On yesterday’s show I spoke about using the energy of the market to aid you in your quest. Use the energy of the market to your advantage as you evolve your investment strategy.

On today’s show we’re going to look at a few asset types that we believe are eventually going to do well once through this period and once this pandemic recedes and we are into a recovery phase.

My analysis of various segments of the market show that some sectors are feeling tremendous pressure, and others are just ticking along like nothing has happened.

The ones that are doing poorly are will probably come as no surprise. But even in these segments, there are some bright lights.

The worst performing asset class right now is hospitality. Hotel occupancies across North America are averaging below 10%. According to a report from Colliers, most hotels have laid off much of their staff and are either closed completely, or are operating on a skeleton staff.

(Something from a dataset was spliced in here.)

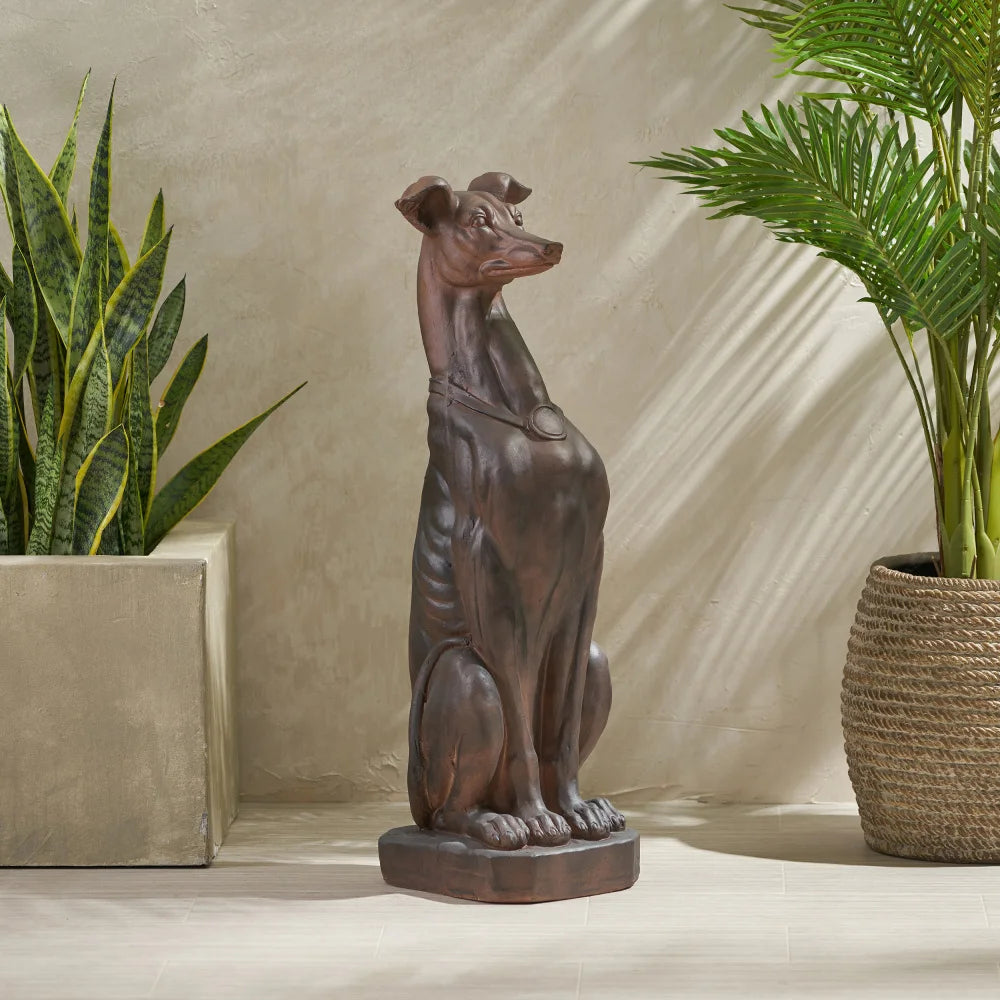 GREY HOUND DOG STATUE, For Gardens, Terraces, Lawns, 33" Tall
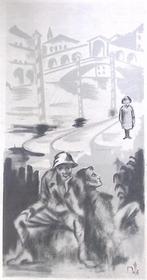 Spotprent over Mussolini en Italië (lijst optie, Lithos), Verzenden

Short term rentals are a segment that overall have been hard hit. We’ve seen some announcements from AirBnB in recent days of large workforce reductions and cost cutting measures in response to the fall in bookings. But some short term rentals have done surprisingly well. In those locations, they’ve filled a particular need. Our own portfolio of short vacation rentals had very low occupancy in April, which in a normal year would also have very low occupancy. April is between seasons in the mountains. It’s after ski season has shut down and before the summer vacation season. As of last weekend, we’ve seen a flurry of bookings as lockdown orders have been relaxed. 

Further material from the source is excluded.